**Scraped caption text data**
________________________

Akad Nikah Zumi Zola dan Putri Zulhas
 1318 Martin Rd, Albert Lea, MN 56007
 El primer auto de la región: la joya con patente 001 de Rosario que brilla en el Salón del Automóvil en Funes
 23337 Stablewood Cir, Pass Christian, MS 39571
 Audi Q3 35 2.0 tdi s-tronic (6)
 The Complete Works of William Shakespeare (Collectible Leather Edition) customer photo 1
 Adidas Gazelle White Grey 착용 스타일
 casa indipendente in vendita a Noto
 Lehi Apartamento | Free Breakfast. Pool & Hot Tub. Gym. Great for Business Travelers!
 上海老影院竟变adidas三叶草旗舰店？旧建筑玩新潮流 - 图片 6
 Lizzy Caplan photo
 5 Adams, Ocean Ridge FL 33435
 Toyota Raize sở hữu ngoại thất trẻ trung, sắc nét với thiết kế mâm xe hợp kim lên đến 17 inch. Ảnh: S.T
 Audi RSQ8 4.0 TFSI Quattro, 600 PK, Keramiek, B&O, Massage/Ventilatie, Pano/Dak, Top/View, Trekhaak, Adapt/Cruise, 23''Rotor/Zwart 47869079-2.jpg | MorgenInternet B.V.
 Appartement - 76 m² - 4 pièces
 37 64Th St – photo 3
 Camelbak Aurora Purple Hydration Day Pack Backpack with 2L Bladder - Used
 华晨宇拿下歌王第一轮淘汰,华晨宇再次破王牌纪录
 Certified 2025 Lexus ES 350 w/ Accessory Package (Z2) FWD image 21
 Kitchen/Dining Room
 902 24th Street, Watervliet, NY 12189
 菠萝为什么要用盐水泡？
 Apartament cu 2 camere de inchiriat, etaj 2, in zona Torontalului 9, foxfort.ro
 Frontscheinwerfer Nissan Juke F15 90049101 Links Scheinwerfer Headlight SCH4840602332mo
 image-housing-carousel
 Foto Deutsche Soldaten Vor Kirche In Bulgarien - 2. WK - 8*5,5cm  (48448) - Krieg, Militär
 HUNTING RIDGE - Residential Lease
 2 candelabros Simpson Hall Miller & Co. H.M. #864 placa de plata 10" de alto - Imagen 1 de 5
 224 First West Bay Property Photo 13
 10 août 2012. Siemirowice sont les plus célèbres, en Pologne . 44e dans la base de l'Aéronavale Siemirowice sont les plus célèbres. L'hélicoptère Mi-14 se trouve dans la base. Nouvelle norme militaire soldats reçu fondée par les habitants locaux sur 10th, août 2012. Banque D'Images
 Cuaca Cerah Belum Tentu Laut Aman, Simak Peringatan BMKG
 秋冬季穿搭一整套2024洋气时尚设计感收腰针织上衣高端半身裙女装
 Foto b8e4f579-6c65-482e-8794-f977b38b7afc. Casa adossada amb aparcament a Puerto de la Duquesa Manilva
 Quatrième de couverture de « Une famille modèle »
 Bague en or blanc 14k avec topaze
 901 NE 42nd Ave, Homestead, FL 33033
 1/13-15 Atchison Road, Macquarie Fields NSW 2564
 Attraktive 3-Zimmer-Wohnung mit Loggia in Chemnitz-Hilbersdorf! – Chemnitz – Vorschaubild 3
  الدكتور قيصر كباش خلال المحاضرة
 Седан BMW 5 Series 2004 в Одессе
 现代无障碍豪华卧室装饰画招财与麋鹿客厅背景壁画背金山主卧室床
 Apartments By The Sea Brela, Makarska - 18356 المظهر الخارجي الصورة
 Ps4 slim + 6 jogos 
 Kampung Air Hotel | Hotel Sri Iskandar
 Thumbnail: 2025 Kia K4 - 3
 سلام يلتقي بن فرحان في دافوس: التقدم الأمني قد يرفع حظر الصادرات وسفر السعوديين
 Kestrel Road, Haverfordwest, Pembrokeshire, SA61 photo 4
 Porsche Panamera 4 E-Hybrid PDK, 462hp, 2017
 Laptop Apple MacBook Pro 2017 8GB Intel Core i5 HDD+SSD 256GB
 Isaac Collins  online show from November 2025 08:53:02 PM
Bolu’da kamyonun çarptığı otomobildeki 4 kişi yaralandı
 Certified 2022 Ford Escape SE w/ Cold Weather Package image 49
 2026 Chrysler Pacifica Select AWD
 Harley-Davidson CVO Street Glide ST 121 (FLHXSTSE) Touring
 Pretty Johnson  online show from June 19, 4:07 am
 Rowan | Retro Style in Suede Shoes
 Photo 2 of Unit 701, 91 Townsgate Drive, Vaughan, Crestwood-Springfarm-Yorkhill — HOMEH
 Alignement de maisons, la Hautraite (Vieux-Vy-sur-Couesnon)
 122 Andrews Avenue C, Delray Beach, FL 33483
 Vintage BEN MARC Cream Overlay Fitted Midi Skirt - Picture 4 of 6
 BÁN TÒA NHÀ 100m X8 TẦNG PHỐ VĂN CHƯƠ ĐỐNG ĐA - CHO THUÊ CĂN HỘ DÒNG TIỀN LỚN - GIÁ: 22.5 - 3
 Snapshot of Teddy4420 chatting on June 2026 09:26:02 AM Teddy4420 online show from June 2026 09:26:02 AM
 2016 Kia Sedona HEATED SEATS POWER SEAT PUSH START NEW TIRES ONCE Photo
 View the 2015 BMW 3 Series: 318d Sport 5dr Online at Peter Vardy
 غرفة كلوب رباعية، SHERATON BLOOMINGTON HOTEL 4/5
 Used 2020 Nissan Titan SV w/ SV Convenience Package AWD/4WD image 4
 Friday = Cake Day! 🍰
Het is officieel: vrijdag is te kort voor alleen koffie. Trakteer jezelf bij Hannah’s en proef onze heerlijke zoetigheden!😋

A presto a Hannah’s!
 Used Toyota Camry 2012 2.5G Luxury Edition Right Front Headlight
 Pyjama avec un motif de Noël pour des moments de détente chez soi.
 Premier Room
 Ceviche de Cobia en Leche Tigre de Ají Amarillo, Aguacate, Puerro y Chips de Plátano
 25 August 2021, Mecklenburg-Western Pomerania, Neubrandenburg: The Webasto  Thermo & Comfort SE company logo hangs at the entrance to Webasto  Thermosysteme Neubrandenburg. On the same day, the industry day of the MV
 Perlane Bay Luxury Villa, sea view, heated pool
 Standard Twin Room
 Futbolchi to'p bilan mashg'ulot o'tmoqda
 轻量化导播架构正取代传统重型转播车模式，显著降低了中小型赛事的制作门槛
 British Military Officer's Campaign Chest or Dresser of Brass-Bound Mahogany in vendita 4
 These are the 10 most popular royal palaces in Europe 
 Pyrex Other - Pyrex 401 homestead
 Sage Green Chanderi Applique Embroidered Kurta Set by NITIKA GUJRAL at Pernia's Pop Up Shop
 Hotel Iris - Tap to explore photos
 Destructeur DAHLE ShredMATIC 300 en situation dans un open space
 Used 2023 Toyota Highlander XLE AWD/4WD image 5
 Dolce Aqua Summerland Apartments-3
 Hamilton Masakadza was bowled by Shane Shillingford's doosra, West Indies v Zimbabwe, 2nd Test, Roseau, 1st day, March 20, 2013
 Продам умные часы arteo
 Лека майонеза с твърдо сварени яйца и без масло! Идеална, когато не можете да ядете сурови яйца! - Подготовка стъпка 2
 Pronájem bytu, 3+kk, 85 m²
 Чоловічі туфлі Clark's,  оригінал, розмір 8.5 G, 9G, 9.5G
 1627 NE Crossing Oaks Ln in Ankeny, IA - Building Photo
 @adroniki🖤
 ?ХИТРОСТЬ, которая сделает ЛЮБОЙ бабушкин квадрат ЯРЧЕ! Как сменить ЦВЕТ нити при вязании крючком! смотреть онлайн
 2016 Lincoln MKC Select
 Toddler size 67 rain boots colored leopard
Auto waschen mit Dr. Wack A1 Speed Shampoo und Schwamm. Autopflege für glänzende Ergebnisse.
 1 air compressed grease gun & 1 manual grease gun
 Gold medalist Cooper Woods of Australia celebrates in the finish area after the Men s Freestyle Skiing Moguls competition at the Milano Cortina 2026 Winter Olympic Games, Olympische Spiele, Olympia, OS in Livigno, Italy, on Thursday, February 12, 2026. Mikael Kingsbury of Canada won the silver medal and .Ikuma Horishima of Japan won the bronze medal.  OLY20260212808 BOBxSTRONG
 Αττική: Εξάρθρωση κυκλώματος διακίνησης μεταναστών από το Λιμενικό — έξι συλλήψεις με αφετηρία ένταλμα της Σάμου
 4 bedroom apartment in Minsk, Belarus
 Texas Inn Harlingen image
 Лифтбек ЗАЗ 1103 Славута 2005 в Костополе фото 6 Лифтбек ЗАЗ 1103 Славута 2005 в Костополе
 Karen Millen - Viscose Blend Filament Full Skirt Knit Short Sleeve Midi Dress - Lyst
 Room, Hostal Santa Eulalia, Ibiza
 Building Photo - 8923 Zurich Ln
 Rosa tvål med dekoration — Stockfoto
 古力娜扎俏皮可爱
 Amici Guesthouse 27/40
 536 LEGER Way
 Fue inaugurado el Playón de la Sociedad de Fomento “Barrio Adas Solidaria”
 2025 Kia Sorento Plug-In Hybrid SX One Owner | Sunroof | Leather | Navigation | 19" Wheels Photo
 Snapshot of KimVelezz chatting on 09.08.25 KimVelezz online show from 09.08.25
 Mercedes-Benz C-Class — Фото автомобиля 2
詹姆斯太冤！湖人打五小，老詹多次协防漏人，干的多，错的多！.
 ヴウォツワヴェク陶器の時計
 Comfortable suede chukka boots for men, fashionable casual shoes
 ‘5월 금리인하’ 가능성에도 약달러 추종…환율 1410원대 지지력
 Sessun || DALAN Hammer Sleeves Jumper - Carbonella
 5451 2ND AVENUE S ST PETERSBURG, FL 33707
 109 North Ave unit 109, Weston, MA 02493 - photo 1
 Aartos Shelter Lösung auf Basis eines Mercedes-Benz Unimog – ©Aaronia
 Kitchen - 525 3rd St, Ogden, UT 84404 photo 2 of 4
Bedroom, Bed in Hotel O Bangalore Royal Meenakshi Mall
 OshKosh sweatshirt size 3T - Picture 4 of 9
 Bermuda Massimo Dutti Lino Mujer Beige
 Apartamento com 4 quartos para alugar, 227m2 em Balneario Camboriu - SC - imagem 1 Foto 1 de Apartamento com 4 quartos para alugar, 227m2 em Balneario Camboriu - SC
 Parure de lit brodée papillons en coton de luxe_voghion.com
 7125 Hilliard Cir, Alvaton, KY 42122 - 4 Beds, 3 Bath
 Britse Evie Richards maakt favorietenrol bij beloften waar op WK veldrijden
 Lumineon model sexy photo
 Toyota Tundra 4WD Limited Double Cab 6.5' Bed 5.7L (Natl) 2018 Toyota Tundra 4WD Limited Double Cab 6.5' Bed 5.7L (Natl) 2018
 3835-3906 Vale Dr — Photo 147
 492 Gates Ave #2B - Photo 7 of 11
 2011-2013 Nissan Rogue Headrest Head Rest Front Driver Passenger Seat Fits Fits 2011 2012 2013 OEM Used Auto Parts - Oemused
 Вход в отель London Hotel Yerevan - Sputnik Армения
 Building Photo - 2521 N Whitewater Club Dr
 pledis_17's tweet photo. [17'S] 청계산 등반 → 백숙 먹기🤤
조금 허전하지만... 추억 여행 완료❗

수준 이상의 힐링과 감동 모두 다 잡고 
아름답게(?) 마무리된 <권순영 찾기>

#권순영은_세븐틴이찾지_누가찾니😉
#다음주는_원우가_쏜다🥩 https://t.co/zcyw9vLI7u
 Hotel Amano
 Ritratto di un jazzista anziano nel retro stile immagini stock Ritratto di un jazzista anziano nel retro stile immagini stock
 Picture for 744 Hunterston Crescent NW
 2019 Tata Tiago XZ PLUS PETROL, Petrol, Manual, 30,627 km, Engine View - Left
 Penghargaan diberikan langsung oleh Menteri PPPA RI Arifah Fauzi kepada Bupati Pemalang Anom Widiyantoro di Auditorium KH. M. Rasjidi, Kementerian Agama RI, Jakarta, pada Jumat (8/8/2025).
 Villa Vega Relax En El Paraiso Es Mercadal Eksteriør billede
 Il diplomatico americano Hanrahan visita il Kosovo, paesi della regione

________________________

**Required work**
Of the lines above, retype only those from the line containing "SC - imagem" through the line containing "Parure de lit", including both, exactly.

**Response**
 Apartamento com 4 quartos para alugar, 227m2 em Balneario Camboriu - SC - imagem 1 Foto 1 de Apartamento com 4 quartos para alugar, 227m2 em Balneario Camboriu - SC
 Parure de lit brodée papillons en coton de luxe_voghion.com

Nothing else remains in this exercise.